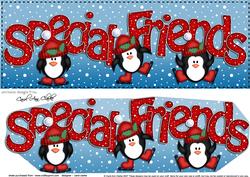 Large Dl Xmas Special Friends Penguins 3D Decoupage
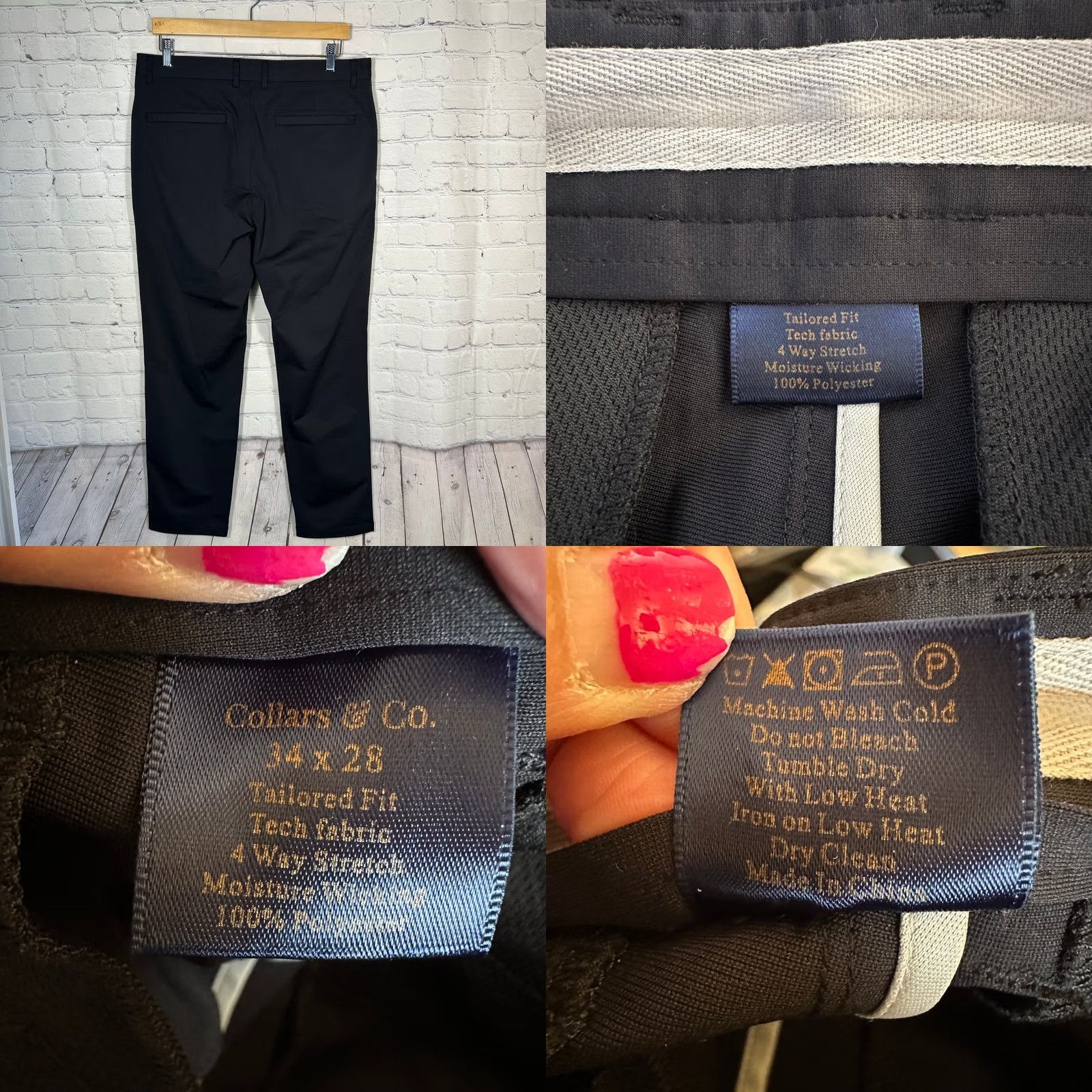 CO Collars & Co Maverick Performance Pants Mens 34x28 Black 4-Way Stretch Chino Slim Flat Front Workwear Travel Casual Size US 36 / EU 52 - 8 Thumbnail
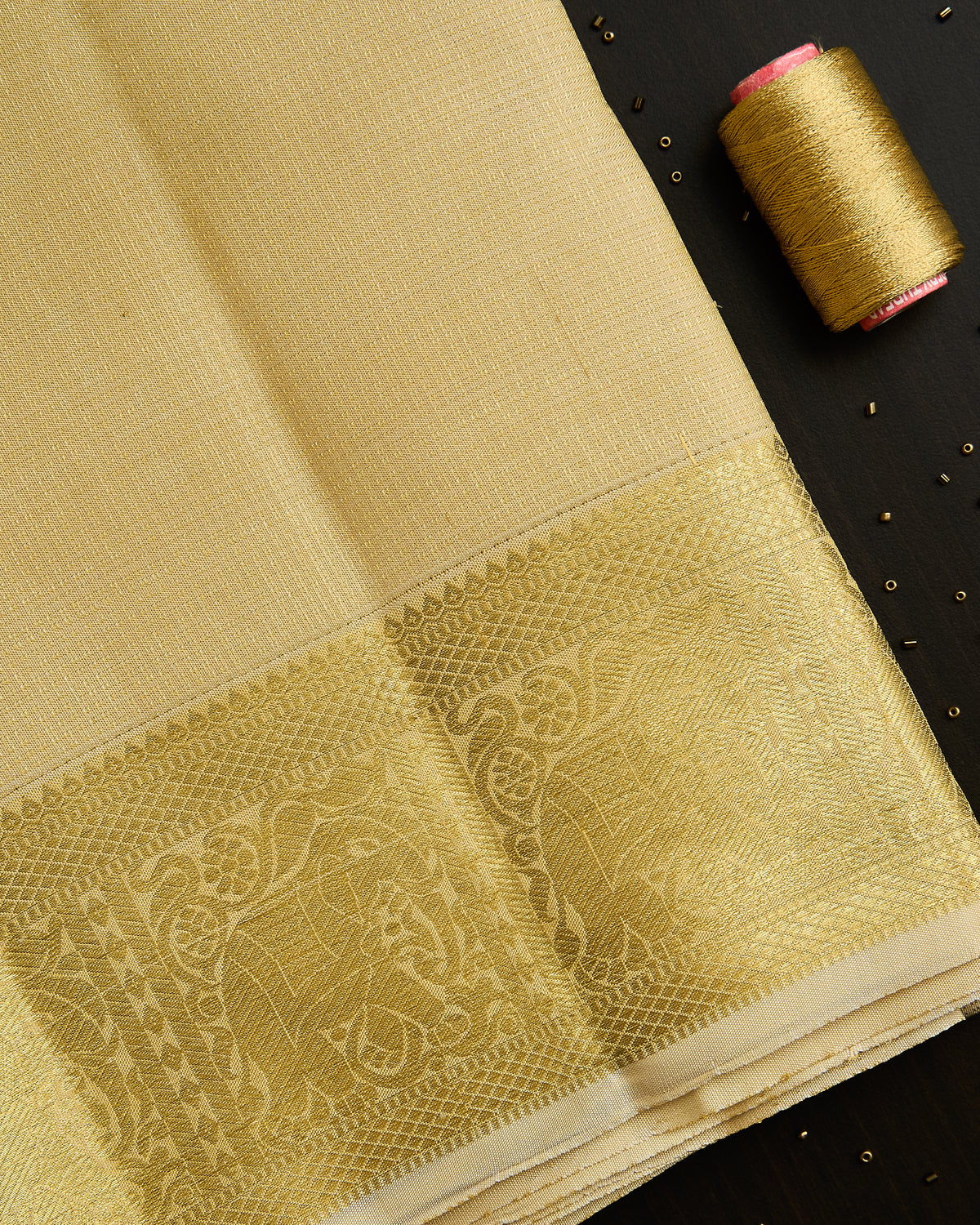 Pure Kanchipuram Silk Vaira Oosi Elephant Border Dhoti set 9*5 + 2.50 (3in1)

━━━━━━━━━━━━━━━━━━━━

REQUIRED ACTION => Exactly as they appear above, print all the lines, but not the pictures.

SOLUTION =>
 Large Dl Xmas Special Friends Penguins 3D Decoupage
 CO Collars & Co Maverick Performance Pants Mens 34x28 Black 4-Way Stretch Chino Slim Flat Front Workwear Travel Casual Size US 36 / EU 52 - 8 Thumbnail
 Pure Kanchipuram Silk Vaira Oosi Elephant Border Dhoti set 9*5 + 2.50 (3in1)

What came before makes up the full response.